SB: It seemed like last night had two tribal councils – the actual official one and then the crazy stuff that happened on the beach. For us on the couch watching TV seemed really crazy – but it must have been nuts in person!
A: Yeah it’s tough for them to show everything that goes on in that little amount of time. Tribal was intense but the conversation on the beach was more intense. I was known as the crazy guy and as I’m sitting there – I’m not even the one being crazy. Most of the time – I get all of the ruckus started if I want to. It was getting away from me! That’s why at the end I walked off – I’m like look – I can’t even handle this one. This is getting out of reach for me and it was intense. I think those couple of days after we switched tribes were intense. I was annoyed the entire time – Joe was so annoying. It was all weighing me down and when they got to tribal all of that weight just came out. No matter what happened – I was voting for Joe. I didn’t care at that point. This tribe isn’t going to last with him and I in it – I can’t take him anymore. He has to go or I have to go so we have to figure it out and the votes are going to lie how they’re going to lie.
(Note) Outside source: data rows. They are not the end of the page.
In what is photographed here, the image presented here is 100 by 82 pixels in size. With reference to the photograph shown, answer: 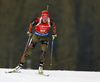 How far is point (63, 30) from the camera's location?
31.8 meters

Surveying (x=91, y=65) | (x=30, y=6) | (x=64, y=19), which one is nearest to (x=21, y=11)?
(x=30, y=6)

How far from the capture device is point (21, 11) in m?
32.0

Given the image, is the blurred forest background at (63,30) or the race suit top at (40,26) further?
the blurred forest background at (63,30)

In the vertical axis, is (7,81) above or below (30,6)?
below

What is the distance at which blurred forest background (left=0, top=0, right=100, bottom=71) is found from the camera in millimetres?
Result: 29234

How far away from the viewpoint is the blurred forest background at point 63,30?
95.9 feet

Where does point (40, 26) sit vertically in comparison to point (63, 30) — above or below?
above

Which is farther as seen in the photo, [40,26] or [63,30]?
[63,30]

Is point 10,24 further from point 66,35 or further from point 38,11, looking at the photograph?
point 66,35

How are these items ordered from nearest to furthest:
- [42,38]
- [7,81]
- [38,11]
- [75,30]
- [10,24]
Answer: [7,81]
[42,38]
[38,11]
[10,24]
[75,30]

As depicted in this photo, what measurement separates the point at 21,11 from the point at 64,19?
559 cm

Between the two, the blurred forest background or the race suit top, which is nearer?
the race suit top

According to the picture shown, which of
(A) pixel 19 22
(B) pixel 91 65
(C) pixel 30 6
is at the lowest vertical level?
(B) pixel 91 65

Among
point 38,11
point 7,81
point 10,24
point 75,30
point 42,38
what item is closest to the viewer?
point 7,81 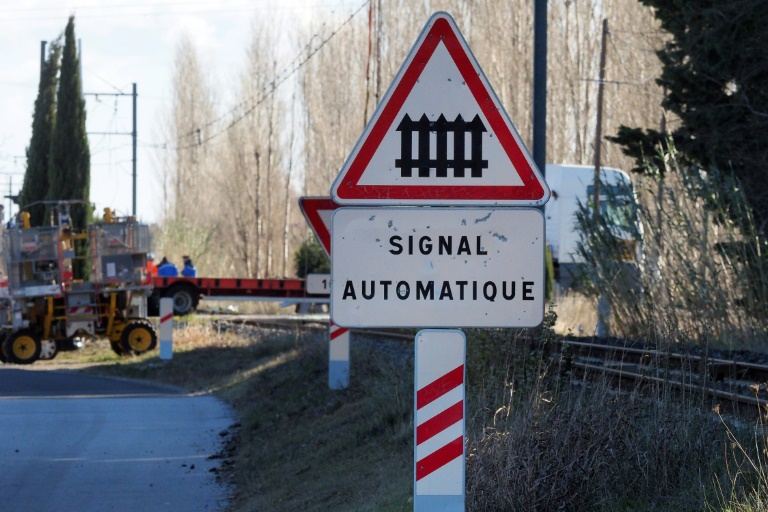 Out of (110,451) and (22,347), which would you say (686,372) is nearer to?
(110,451)

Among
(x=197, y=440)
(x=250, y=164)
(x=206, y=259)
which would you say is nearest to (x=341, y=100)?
(x=250, y=164)

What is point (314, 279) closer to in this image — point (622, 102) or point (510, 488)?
point (510, 488)

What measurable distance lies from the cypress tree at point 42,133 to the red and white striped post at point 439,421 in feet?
115

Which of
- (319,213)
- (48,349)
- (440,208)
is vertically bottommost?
(48,349)

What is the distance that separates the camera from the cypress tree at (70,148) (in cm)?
3647

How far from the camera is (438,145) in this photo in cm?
426

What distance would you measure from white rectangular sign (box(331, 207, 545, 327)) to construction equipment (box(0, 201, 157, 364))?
1891 centimetres

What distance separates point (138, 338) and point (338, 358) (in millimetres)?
11285

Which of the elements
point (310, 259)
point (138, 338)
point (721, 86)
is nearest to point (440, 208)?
point (721, 86)

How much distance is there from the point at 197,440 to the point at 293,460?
212 centimetres

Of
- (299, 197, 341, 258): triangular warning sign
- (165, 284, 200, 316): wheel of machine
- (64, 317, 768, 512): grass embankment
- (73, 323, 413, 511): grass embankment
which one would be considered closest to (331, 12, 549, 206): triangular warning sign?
(64, 317, 768, 512): grass embankment

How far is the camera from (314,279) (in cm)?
1261

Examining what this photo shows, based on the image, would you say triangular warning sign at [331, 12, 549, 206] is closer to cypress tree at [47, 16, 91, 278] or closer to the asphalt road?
the asphalt road

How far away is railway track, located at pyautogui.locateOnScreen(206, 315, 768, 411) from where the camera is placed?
700 centimetres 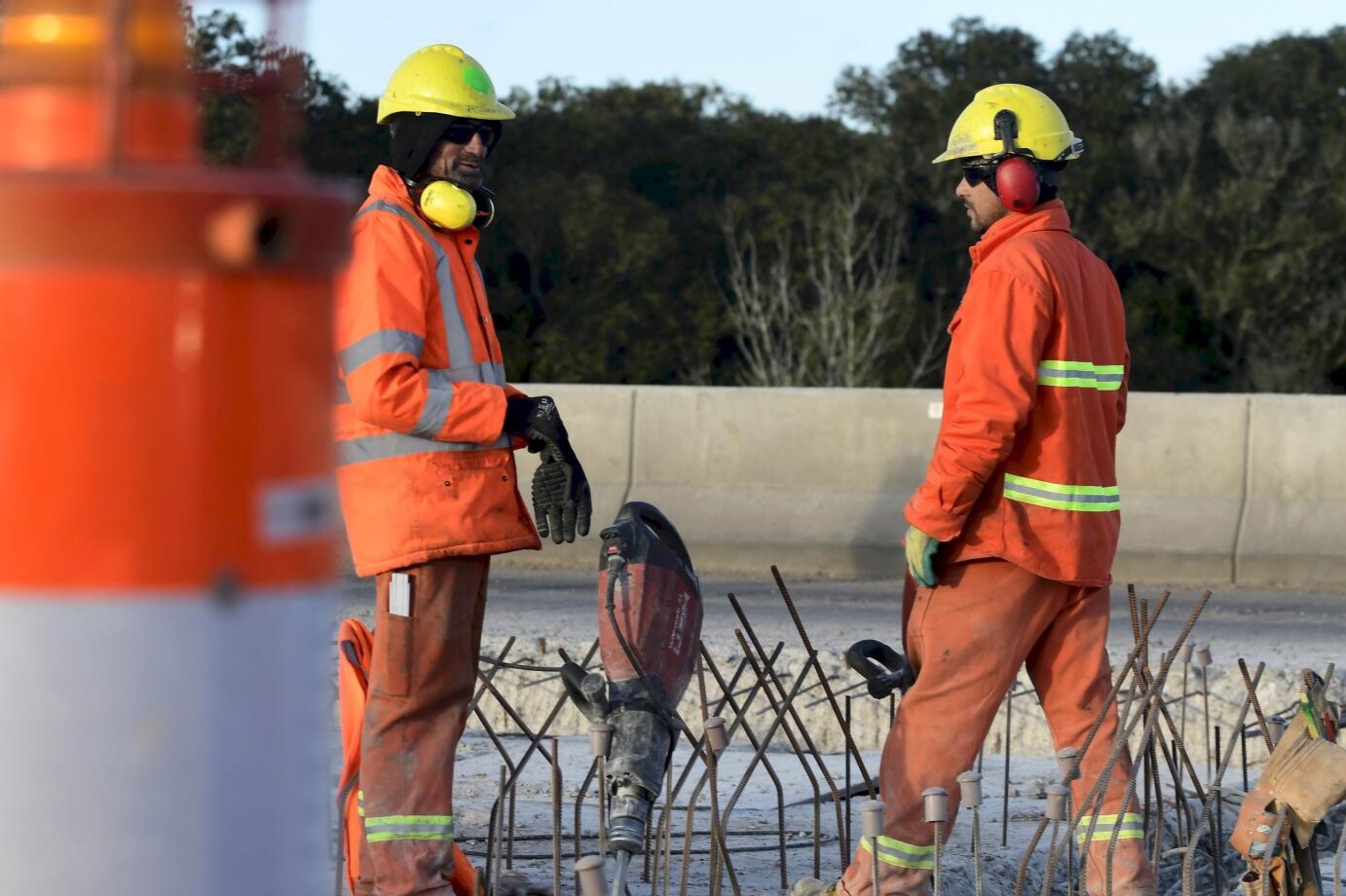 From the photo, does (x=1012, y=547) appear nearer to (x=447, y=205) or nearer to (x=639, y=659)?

AB: I loved the way you handled it at the beach where you confront Joe saying: ‘Who do you want then?’
A: He threw it out there. It baffled me. How do you bring something up and expect everybody else to roll out all of the information that you want them to roll out but you sit there and not say anything? So if you’re going to start this conversation – you keep it going. No one else had anything to say but you. At the end of the day – talk about it. Say what you want to say – say how you feel. Don’t beat around the bush – say what you feel because I’m going to say what I feel no matter what. Don’t sit up and say you’re like me and you say what you feel – then you beat around the bush – because you’re not like me if that’s the case. So say what you feel!
AB: I thought handled that beautifully.
A: Thank you!
SB: Unfortunately, your time on “Survivor” was cut short but what was your favorite part about playing this game?
A: There’s so much. It was definitely a fun game – I didn’t expect it to be that fun. My favorite part was just being out there. A lot of times in our everyday lives we don’t realize how blessed and fortunate we are. We keep a cell phone on our person at all times. We always have access to things that we want. We’re always able to do the things that we want to do. Just to be put out there and not be able to do the things that you want to do but instead do the things that you can do to make things work if that makes sense. That tranquillity of being out there being away – the nights were beautiful. I’ve never watched a moon go from one side of the sky to the other side of the sky. I’ve never been in a situation where the moon was my light for the night and sitting by the fire. I think those moments for me were the best because the world just slowed down. I think it’s a beautiful thing to see how if you really just embrace nature. What a beautiful thing it is. There’s so many distractions in our everyday lives that we don’t get to see that enough. That was the best part for me.
AB: On the flip side – what was the most difficult challenge about being out there?
A: Having to work with and be in the same tribe as Joe.
AB: I really hope we get to see you again. Would you want to play the game again if you have the opportunity?
A: Absolutely. I don’t think there’s any question in my mind and I don’t think there’s any question in my wife’s mind. I think she’d be happy to see me and I’d be happy to go. So there’s no question in my mind if I would do it again – absolutely. I would love to.